The order arose from allegations that Google’s licensing terms for smart TVs limited competition in the Android ecosystem, making it an apt candidate to test the practical contours of this new provision. It is more than a resolution to a dispute with a Big Tech firm; it is the first test of India’s ability to balance prompt enforcement with substantive justice and negotiated compliance with real market correction.

The order closes a file but opens a critical debate: is this a pragmatic victory for an efficient competition regime, or a soft compromise that allows a dominant player to retain its market power? This blog evaluates the order, situates it within global and domestic contexts, and interrogates its profound implications for India’s competition jurisprudence.

Why Settlements Exist in Competition Law

The need for settlement mechanisms exists due to institutional problems plaguing the CCI. Despite relying on a conciliatory and voluntary enforcement structure, settlement mechanisms are not a regulatory weakness.[3] Since Antitrust investigations are protracted, resource-intensive, and uncertain, settlements offer a method to resolve disputes efficiently and promote compliance without incurring the costs of litigation. These mechanisms aim to secure commitments that remedy anti-competitive behaviour through feasible and structured solutions.
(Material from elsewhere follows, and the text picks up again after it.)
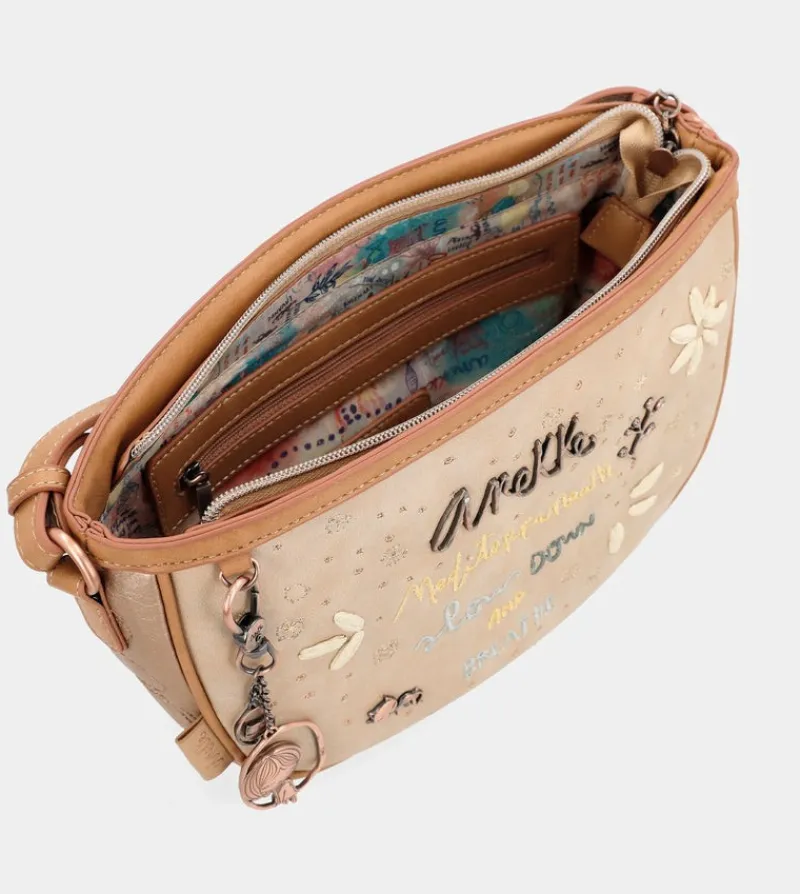 Anekke Slow Life Oval Shoulder Bag Flash Sale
This philosophy is also well-established globally:

  • The United States (US) has used ‘consent decrees’ under the Sherman Antitrust Act for over a century to curb monopolistic practices.[4] The landmark case of United States v. Microsoft Corporation,[5] for instance, used a consent decree to reshape the browser market, demonstrating that a well-crafted settlement can effectively dismantle anti-competitive structures. The US’s settlement mechanism oversees cartels, which requires the offender to admit guilt of the offence.[6]

  • The European Union (EU) has long used settlements to discipline cartels and, more recently, to recalibrate Big Tech conduct. The EU model includes offering a settlement mechanism to cartels and abuse of dominance.[7] Under the forward-looking Digital Markets Act,[8] the EU imposes ex-ante obligations on designated ‘gatekeepers’, using settlement-like negotiations to promote fair competition in digital markets before market harm becomes irreversible.[9] However, the EU’s experience also offers a cautionary tale. In Google v. Commission (Google Shopping),[10] for instance, behavioural remedies were widely criticised as ‘remedy-lite’ — failing to restore competition effectively.

In comparison, India’s newly introduced settlement and commitment framework represents a significant structural evolution. Unlike the mature regimes of the US and EU, India’s model emerges within a rapidly expanding digital economy where regulatory capacity and market power asymmetries are still evolving. Drawing such parallels is crucial to evaluating whether India’s system can strike a balance between deterrence and innovation in its early stages.

India Joins the Club: A New Settlement Regime

The issue of whether existing competition law frameworks are adequate to handle and govern the challenges and complexities introduced by the rapidly changing economic landscape is being increasingly discussed. The preceding regulatory framework relied on penalisation using monetary and preventive penalties, under Section 27 of the Act,[11] as the primary mode of enforcement of competitive practices. However, this led to a trend of low penalisation rates, revealing a glaring gap in the collection of monetary penalties by the CCI.[12]

India entered this global conversation with the Competition (Amendment) Act, 2023,[13] which introduced Sections 48A (settlement) and 48B (commitment),[14] empowering parties to propose remedies to resolve investigations. The framework, detailed in the CCI (Settlement) Regulations, 2024,[15] is designed with modern safeguards, including public consultations and market testing of proposals.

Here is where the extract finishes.